WORK INSTRUCTION: Repeat the records below verbatim.

DATA SECTION:
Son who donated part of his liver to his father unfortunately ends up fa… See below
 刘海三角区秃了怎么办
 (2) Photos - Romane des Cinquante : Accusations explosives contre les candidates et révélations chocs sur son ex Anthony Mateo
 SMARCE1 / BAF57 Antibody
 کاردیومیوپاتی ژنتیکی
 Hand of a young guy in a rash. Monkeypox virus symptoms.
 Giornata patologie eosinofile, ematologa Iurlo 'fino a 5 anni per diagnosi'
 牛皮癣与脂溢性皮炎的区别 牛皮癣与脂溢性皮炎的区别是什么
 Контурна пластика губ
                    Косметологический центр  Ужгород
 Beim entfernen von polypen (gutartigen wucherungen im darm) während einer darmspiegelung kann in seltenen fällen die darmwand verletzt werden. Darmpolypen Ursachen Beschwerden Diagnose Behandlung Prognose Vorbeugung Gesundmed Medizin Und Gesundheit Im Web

EXERCISE RESPONSE:
Son who donated part of his liver to his father unfortunately ends up fa… See below
 刘海三角区秃了怎么办
 (2) Photos - Romane des Cinquante : Accusations explosives contre les candidates et révélations chocs sur son ex Anthony Mateo
 SMARCE1 / BAF57 Antibody
 کاردیومیوپاتی ژنتیکی
 Hand of a young guy in a rash. Monkeypox virus symptoms.
 Giornata patologie eosinofile, ematologa Iurlo 'fino a 5 anni per diagnosi'
 牛皮癣与脂溢性皮炎的区别 牛皮癣与脂溢性皮炎的区别是什么
 Контурна пластика губ
                    Косметологический центр  Ужгород
 Beim entfernen von polypen (gutartigen wucherungen im darm) während einer darmspiegelung kann in seltenen fällen die darmwand verletzt werden. Darmpolypen Ursachen Beschwerden Diagnose Behandlung Prognose Vorbeugung Gesundmed Medizin Und Gesundheit Im Web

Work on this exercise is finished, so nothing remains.